"Mein Job bleibt spannend"

27.10.2008
Der Bundesbeauftragte für den Datenschutz und die Informations-freiheit, Peter Schaar, über die Herausforderungen seines Amts.

CW: Man hört und liest derzeit viel von neuen Verletzungen des Datenschutzes, wenig jedoch von Konsequenzen. Hat der Datenschutz in Deutschland noch eine Lobby?

SCHAAR: Ich habe den Eindruck, dass sich das Interesse deutlich verstärkt hat. Dabei ist die Diskussion nicht bei dem Lamento über Datenpannen stehen geblieben, sondern es wurden auch konkrete Schritte zur Stärkung des Datenschutzes unternommen. So berät der Bundestag derzeit über eine Verbesserung der Betroffenenrechte bei den Auskunfteien. Ein entscheidendes Thema ist dabei die Transparenz von Bewertungen der Kreditwürdigkeit mittels so genannter Score-Werte.

Der von der Bundesregierung beschlossene Entwurf geht in die richtige Richtung, ist mir aber noch zu zaghaft. So setze ich mich für die Begrenzung der Auskunfteianfragen auf kreditorische Risiken ein und lehne das Geoscoring ab, bei dem letztlich die Adresse entscheidet, ob jemand einen Kredit oder sonstigen Vertrag erhält. Weitere gesetzliche Verbesserungen sind angekündigt. So sollen Daten künftig nur noch dann für Werbezwecke weitergegeben werden dürfen, wenn der Betroffene ausdrücklich einwilligt. Unternehmen sollen verpflichtet werden, die Datenschutzbehörden und die Betroffenen über Datenschutzverstöße zu informieren. Ganz wichtig ist auch das Datenschutz-Audit-Gesetz, das es ermöglichen soll, Datenschutzgütesiegel nach bundesweit einheitlichen Kriterien zu vergeben.

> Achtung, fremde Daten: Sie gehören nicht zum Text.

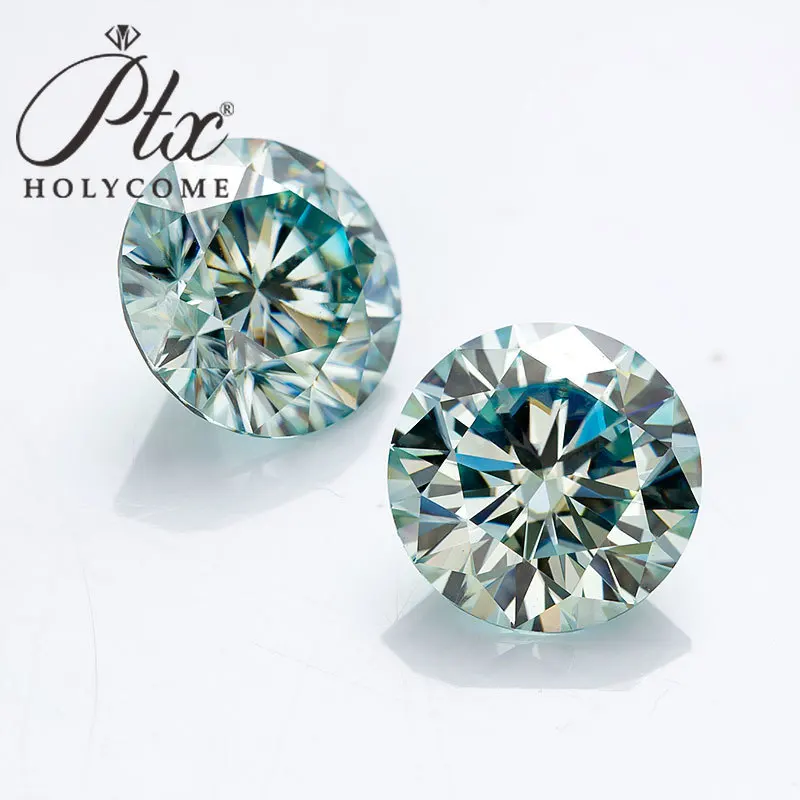 Holycome Excellent Brilliant Aqua Blue VVS1 Loose Moissanite Diamond Test Positive GRA Certificate Round Cut Supplier Factory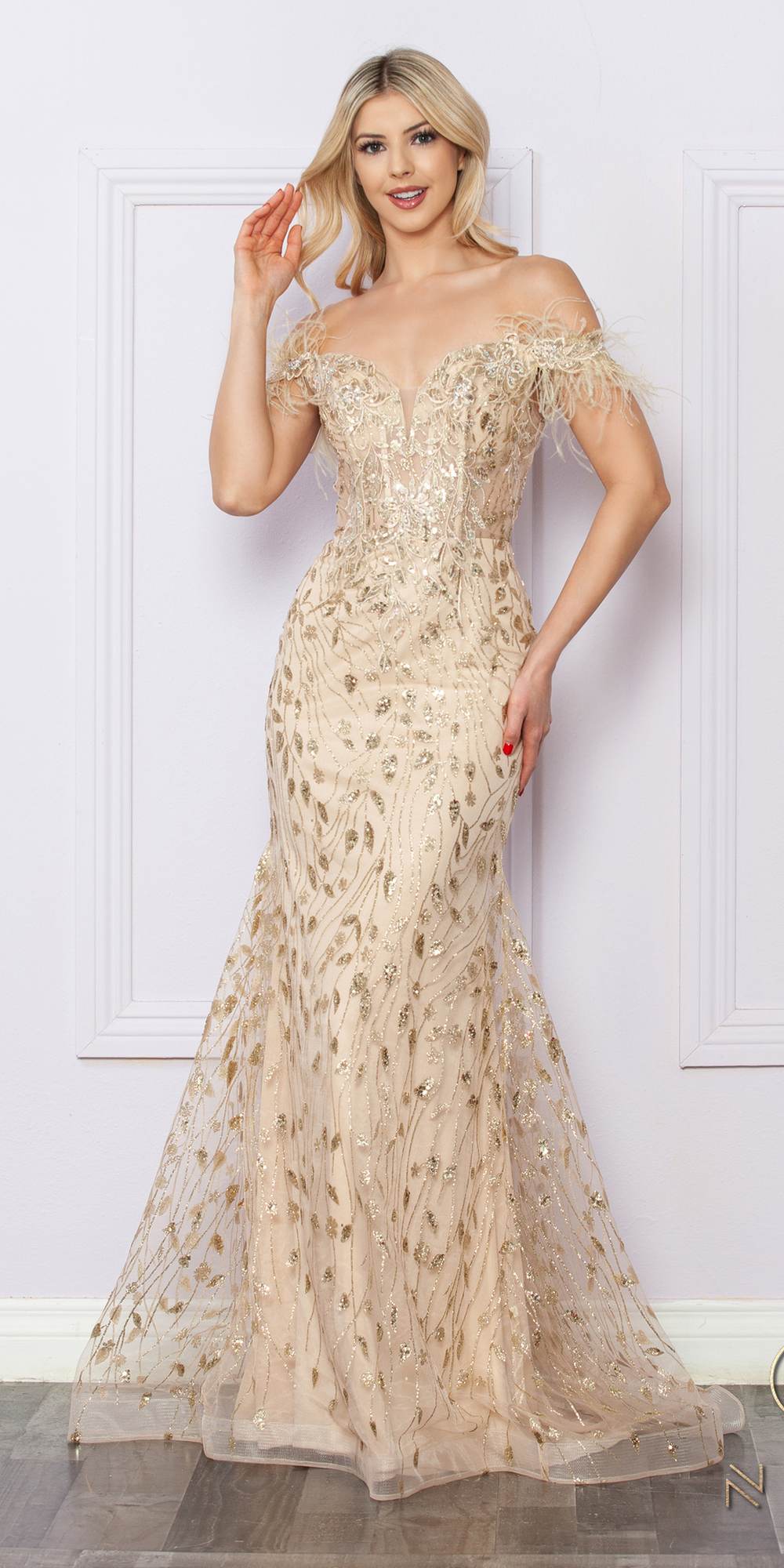 Nox Anabel L1255 Vestido largo ajustado con apliques bordados de purpurina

CW: Ist der Weg zum gläsernen Bürger noch aufzuhalten?

SCHAAR Hier geht es nicht nur um Gesetze, sondern um viel umfassendere Ansätze, die gleichermaßen technologische, rechtliche und soziale Dimensionen einbeziehen. Das Gebot der Datenvermeidung steht ja seit einigen Jahren sogar im Bundesdatenschutzgesetz, wird aber ganz überwiegend ignoriert.

Warum muss etwa bei der Altersfeststellung das genaue Geburtsdatum abgefragt werden? Wieso verlangen alle möglichen Anbieter von Web-Diensten die vollen Identifikationsdaten der Nutzer, auch wenn dies eigentlich nicht erforderlich ist? Es fällt uns Datenschützern natürlich schwer, Unternehmen von der Sinnhaftigkeit der Datenvermeidung zu überzeugen, wenn sie andererseits staatlich dazu verpflichtet werden, Daten auf Vorrat zu speichern, die sie selbst nicht oder nicht mehr benötigen.

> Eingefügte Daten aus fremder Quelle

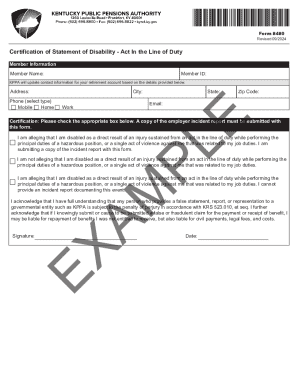 Form 8480 Certification of Disability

CW: Macht Ihnen Ihr Job angesichts verlorener Kundendaten bei Telekom und Springer, geplanter Nackt-Scanner am Flughafen und Google Streetview noch Spaß?

SCHAAR: Datenschutz war noch nie ein Spaßprojekt, denn es geht hier darum, die Risiken zu begrenzen, die mit immer leistungsfähigerer Informationstechnik für die informationelle Selbstbestimmung verbunden sind. Es stimmt immerhin zuversichtlich, dass heute kaum noch jemand die Notwendigkeit zum Schutz persönlicher Daten grundsätzlich in Frage stellt. Und gerade die aktuellen Debatten zeigen ja auch, dass wir etwas bewegen können - etwa im Hinblick auf den Nackt-Scanner, den es zumindest in Deutschland nicht geben soll.

Mein wichtigstes Anliegen ist es, das Bewusstsein für den Wert der Privatsphäre in unserer Gesellschaft zu verbessern, beim Umgang des Einzelnen mit seinen Daten, bei staatlichen Stellen und Unternehmen und in der politischen Öffentlichkeit. Im Zentrum steht dabei die Frage, wie wir die Vorteile nutzen können, die uns die moderne Informationstechnik bringt, ohne dabei umfassend beobachtet, registriert und automatisch bewertet zu werden. Letztlich geht es um die Bewahrung der Menschenwürde in einer zunehmend digitalen Welt. Mein Job bringt täglich neue Herausforderungen und bleibt deshalb spannend.